Seu interesse nessas formas políticas indígenas, que envolvem a chefia e o exercício da liderança, partia em grande parte de um interesse nas propostas autonômicas que ele acompanhava como parte de sua trajetória como ativista, fotógrafo e antropólogo em estadas com os Curdos e os Zapatistas. Acompanhando os debates recentes da etnologia brasileira e buscando dialogar com o pensamento crítico latino-americano, que acompanhou sua trajetória pessoal, Rogério Ferrari afirmava em seu relatório de qualificação: 

“Diante dessa realidade, a existência do povo guarani pode ser compreendida sob o signo de uma reexistência.
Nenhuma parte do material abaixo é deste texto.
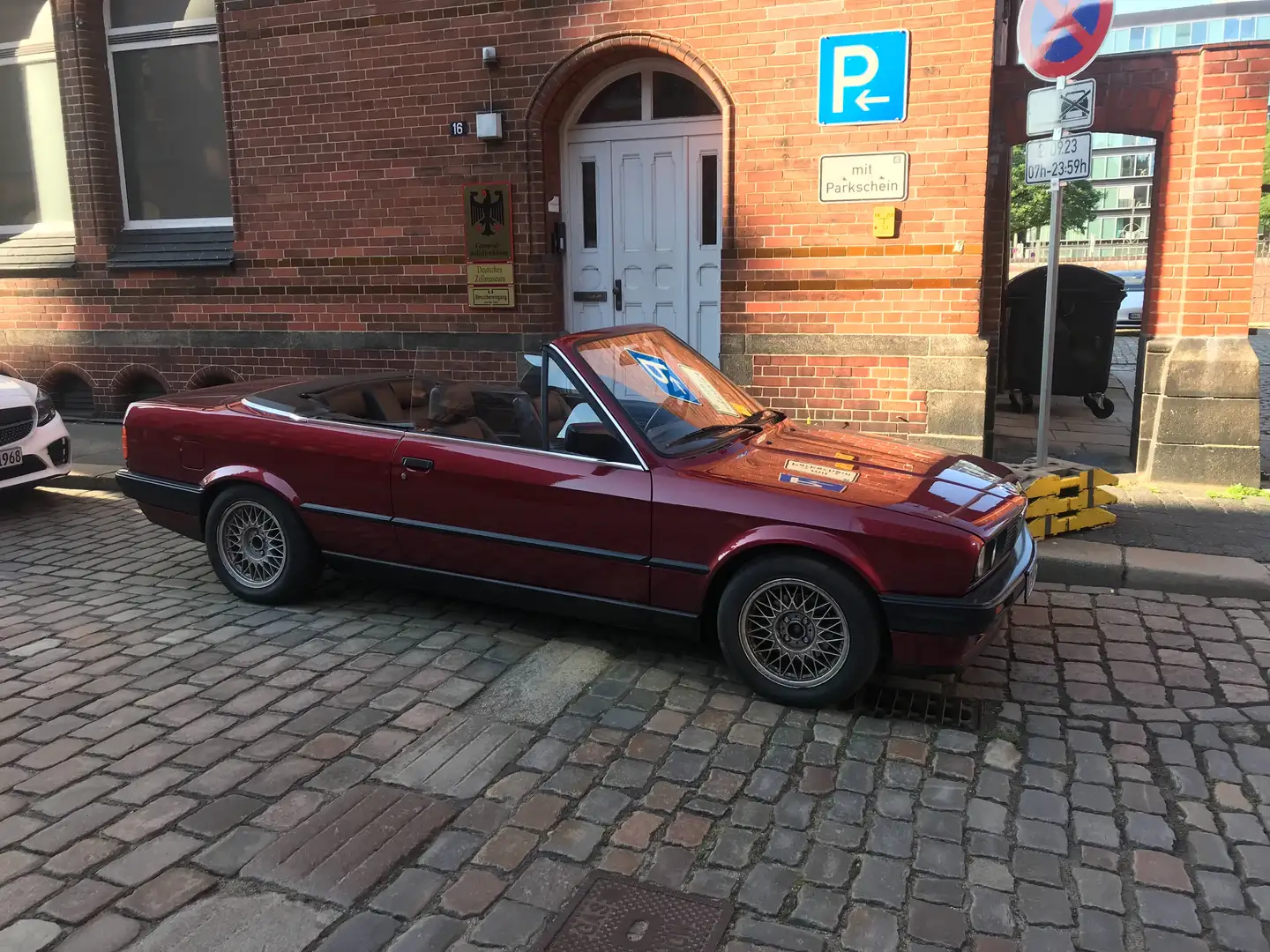 BMW 318 318i Rot - 1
A presença desse povo ainda que não tenha logrado deter a voracidade de um capitalismo tardio sob seus territórios, é, contudo, dissonante às pretensões totalizantes do Estado nacional. a cultura nacional hegemônica. Não obstante o empenho dos Estados nacionais em completar a tarefa que os colonizadores espanhóis e portugueses não concluíram, podemos dizer, desde já, que os Guarani se caracterizam pela capacidade de se manterem todavia incapturáveis”.  
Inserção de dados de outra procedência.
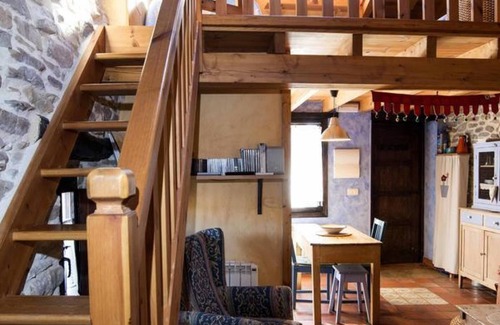 San Pelayo de Montija House | Holiday Home 'La Casita De Zalama' with Private Garden and Wi-Fi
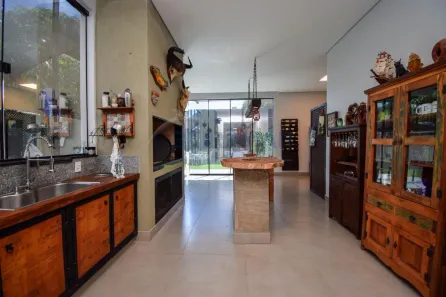 Casa de Condomínio com 3 Quartos à venda, 280m² no Setor Habitacional Jardim Botânico, Brasília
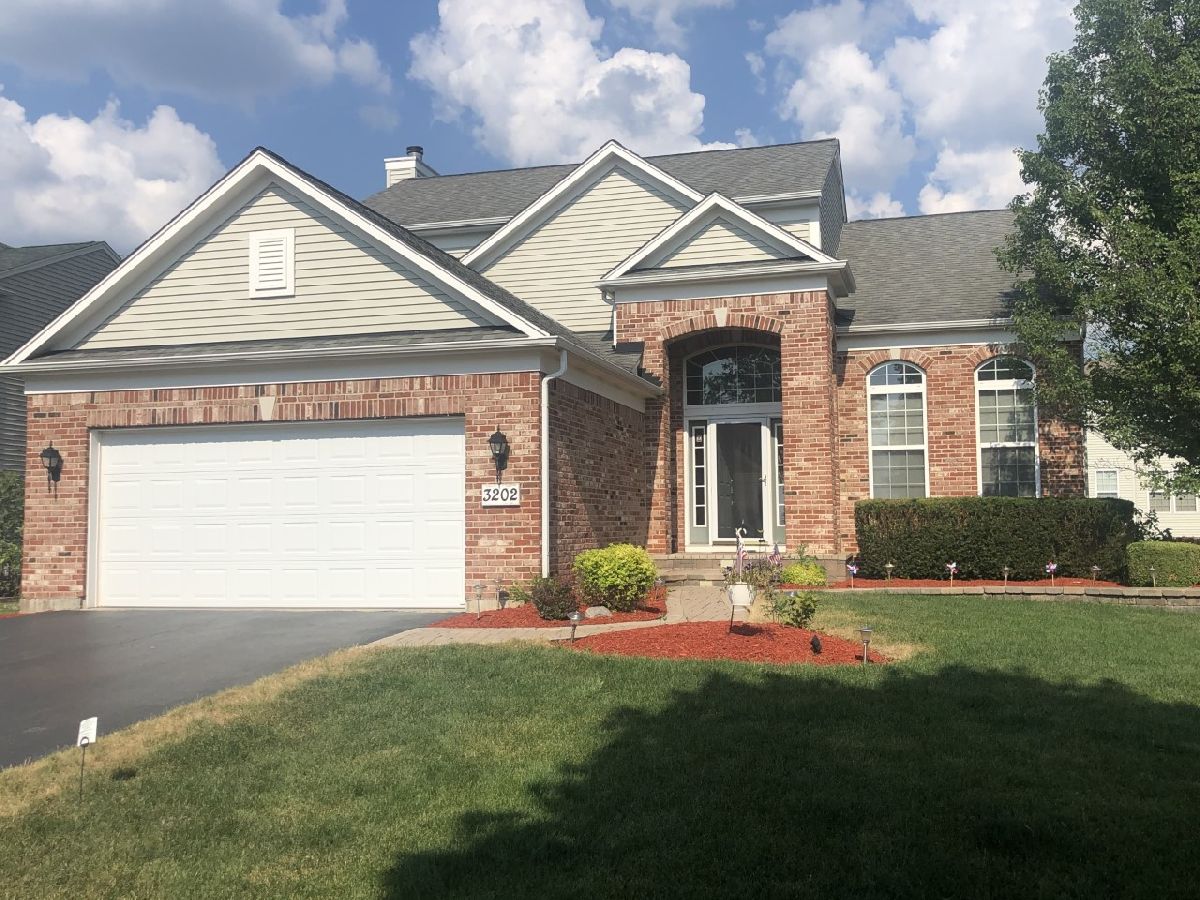 Homes Rented Winchester Glen Carpentersville Illinois, 3202 Deerpath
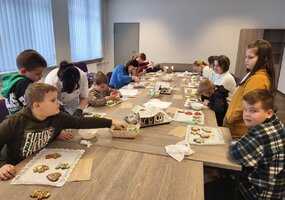 Edukacja dla dzieci „Upiększenie zabawek piernikowych na choinkę”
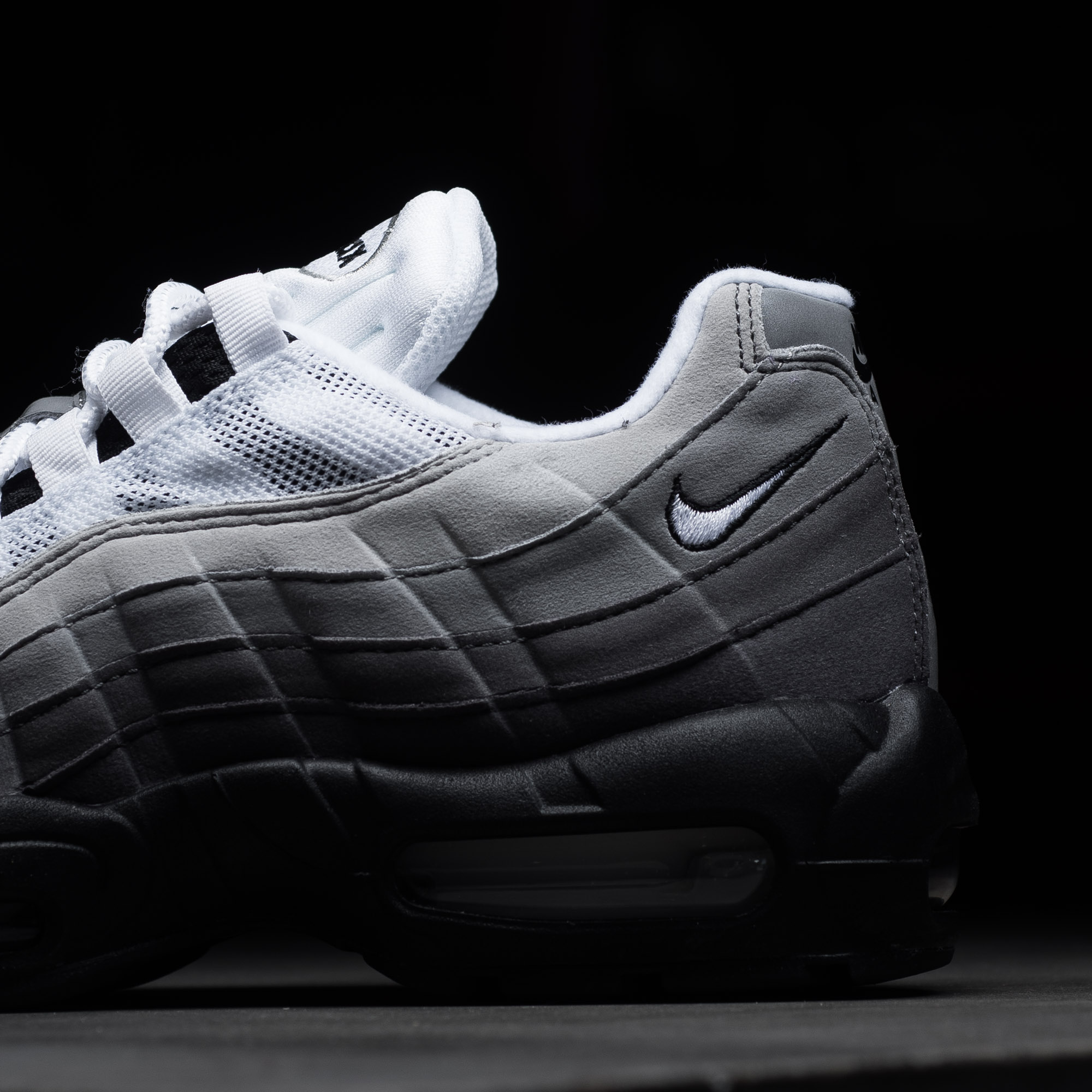 air max 95 granite white black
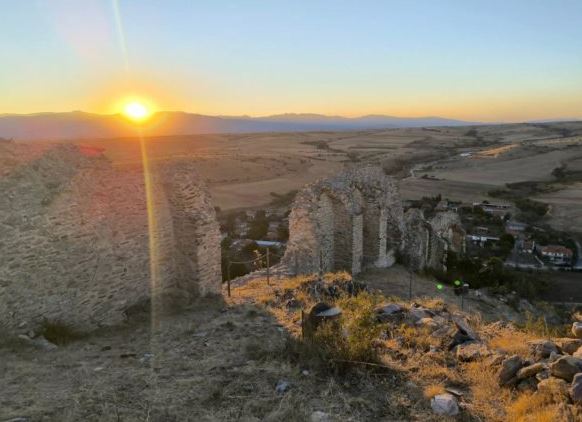 Ο-Μητροπολίτης-Κιλκισίου-στα-εγκαινία-του-έργου-φωτισμού-και-μακροανάδειξης-του-Βυζαντινού-Φρουρίου-Γυναικοκάστρου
Além de antropólogo crítico, sério e dedicado, Rogério Ferrari era também um renomado fotojornalista que trabalhou em importantes veículos de comunicação como as revistas Carta Capital, Veja e Acción (Argentina), assim como para os periódicos El Tiempo (México), Bahia Hoje e Correio. Trabalhou também para as agências de notícias Reuters e Prensa Latina (Cuba).

Seus trabalhos como fotojornalista abordaram diversas temáticas sociais como: as Mães da Praça de Maio; a Eco 92; a Crise dos Balseiros (Cuba); a Intervenção das Forças Armadas no Rio de Janeiro; as Mulheres Maias (México-Guatemala); a Queda do Muro de Berlim. Também como parte de seu projeto fotográfico de largo fôlego “Existências-Resistências”, onde retrataria a luta de povos e movimentos sociais por terra e autodeterminação, publicou, em 2004, o livro “Palestina: eloquência de sangue”, em 2006, “Zapatistas: a velocidade do sonho”, em 2007, “Curdos: uma nação esquecida” (2007), em 2008, “Palestine” e em 2010 “Sahraouis”.

Seu engajamento político e sensível marcou sua produção visual e foi fundamental na sua forma de entender a antropologia. Entre 2010 e 2011, Rogério Ferrari percorreu 40 municípios no interior da Bahia e registrou o cotidiano do povo cigano num trabalho que culminou em seu livro “Ciganos” (2011) e em sua dissertação de mestrado defendida no PPGA, em 2016, com o título “Nós Outros, os Ciganos. Entre o Estigma e a Resistência”. Do mesmo modo, em um dos seus últimos trabalhos, de 2019, retratou a luta diária dos povos indígenas no trabalho “Parentes”, também parte do projeto “Existências-Resistências”. Para ele, “os retratos sugerem um autoreconhecimento coletivo e a reiteração de uma identidade e de uma solidariedade negligenciadas”(https://taperatapera.com.br/events/lancamento-do-livro-parentes-de-rogerio-ferrari/).  Em outro trecho do livro escutamos sua voz crítica e sensível ao afirmar: 

“Todos aquelas vidas e mundos que estavam nesse território antes da chegada das caravelas foram violentados, caçados, exterminados, aldeados, para dar lugar aos  pioneiros que um dia chegaram em navios, mulas, trens, ônibus, em longas caminhadas e em aviões particulares”.

Um livro que trouxe o registro de povos indígenas na Bahia, mostrando, em suas palavras, “a face, para muitos desconhecida, dos nossos parentes Pataxó, Pataxó Hã Hã Hãe, Tupinambá, Pankaru, Pankararé, Tuxá, Atikun, Kaimbé, Tumbalalá, Kiriri, Kantaturé, Tuxi, Kariri-Xocó e Truká” (Rogério Ferrari, 2019, fonte:https://taperatapera.com.br/events/lancamento-do-livro-parentes-de-rogerio-ferrari/).

Rogério Ferrari sempre foi um profissional crítico, engajado e solidário com colegas, lideranças de movimentos sociais e pesquisadores/as.  Contribuiu e continuará contribuindo de modo ímpar para a re-existência, autodeterminação e para a consolidação de outros mundos possíveis, libertários e decoloniais.